Her story is one of heartbreak and fear for this mother and her family.

Alarms began when one of her sons realized that his brother was taping up the windows in his room to block out messages he reportedly thought were being transmitted to his brain. He also covered light fixtures and smoke alarms thinking he was being watched. According to his brother, "he believes there are cameras in there. He thinks the dogs two eyes have camera as well."

The family, whose name CBS4 is not revealing, explained they were desperate to find proper help for their loved one, who, for the past two months, has been bouncing in and out of mental health treatment facilities.

All the while, his family says, he was convinced the government has planted radio frequency chips in his teeth. He wrote on one note...ObamacaresRFID.

According to his mother, "He believes that he had four chips in his teeth. That they are tracking him."

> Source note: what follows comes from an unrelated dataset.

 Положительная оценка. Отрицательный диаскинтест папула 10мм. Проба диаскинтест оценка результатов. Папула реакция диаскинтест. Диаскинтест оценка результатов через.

"This is occurring more and more often. More familes are affected with a loved one," said Dr. Deborah Mash, Founder of the University of Miami Brain Bank.

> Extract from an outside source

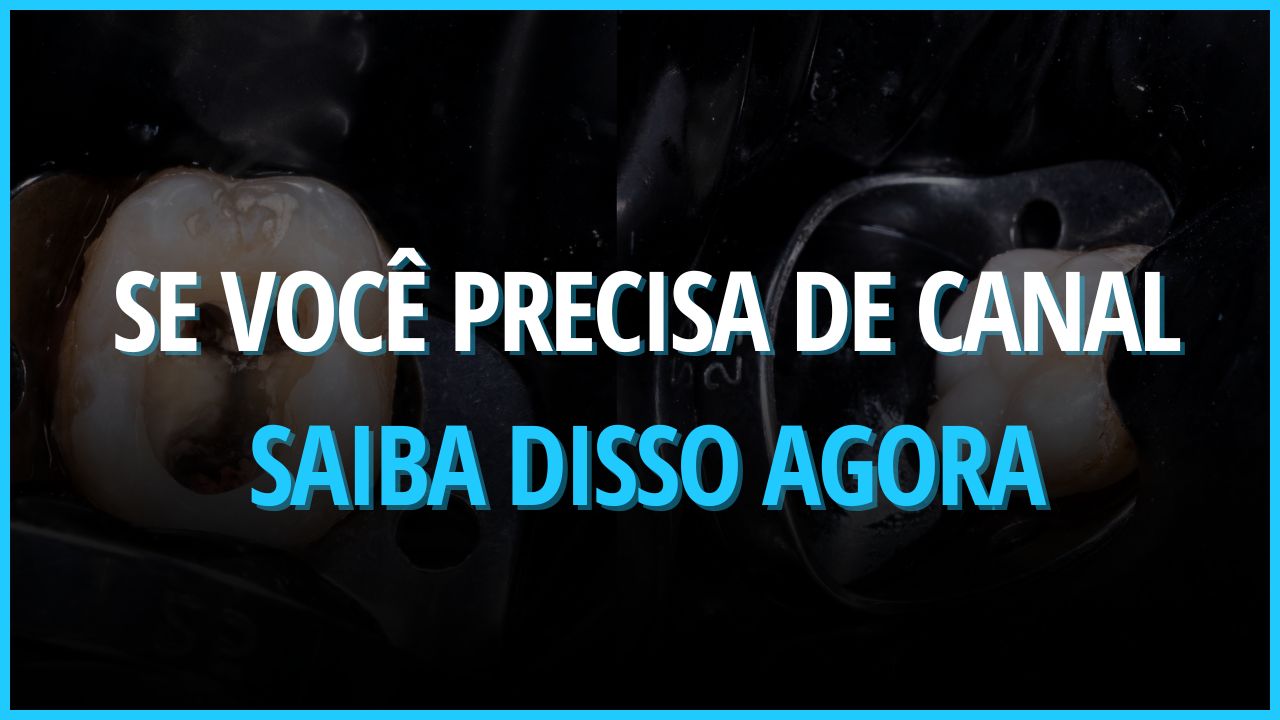 Sobre Tratamento de Canal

She has studied the human brain for two decades and said that with advancements in today's science, particularly with high tech MRI's, along with the studies of brains post mortem, mental illness and neurological disorders can be visually detected in the brain.

"The temporal lobe here is where you get the abnormal hallucination and you hear the voices," she told CBS4 Chief Investigator Michele Gillen. "When a person tells us their hearing voices or they think they have a chip implanted in their brain, this is an abnormal state of activity in the brain. This is something that tells us that they need help immediately."

Harley Stock is a criminal profiler and forensic psychologist. He knows all too well the often missed or ignored signs of mental illness.

"The handwriting literally, in some cases, is on the wall," he tells Gillen as he examined police photos that have never before been seen on TV.

Neighbors of a South Florida solider had no idea his walls were hand painted with ominous messages and drawings. That police said shocked even them.

"I've seen things you can not even imagine, and if I saw that...I would get out of there right away and call the police," Stock told Gillen.

The apartment belonged to a troubled South Florida solider whose family told CBS4 news had returned from war with PTSD and traumatic brain injury.

Family members had reached out for help for him time and time again alarmed over foreboding messages and his reported stockpiling of weapons.

Stock has reviewed multiple cases of where men and women,in divergent parts of the world, report they hear voices in their head.

"If somebody says to you 'God has told me I need to kill,' don't dismiss it, don't laugh at it, don't say it will never happen. Take action. Call a mental health person," advised Stock

But despite the soldiers families efforts to get him help; he ultimately was released from a mental health treatment facility. Within hours of a judge setting him on his way- with a warning not to go near guns; he went home, got a knife and killed himself.

"People are desperate everywhere and its sad," said mental health advocate, Judge Steve Leifman. "Studies indicate that longer we take to treat someone...more likelier there may be permanent brain damage."

And yet he says that mental health laws and resources for help have not kept up with science;and what is now known about the brain and mental illness. He said there is no safety net.

"It's not working. It is failing, " Leifman cautioned. "If we continue this way, people are going to get hurt, people are going to get killed. Why do we wait for something terrible to happen?"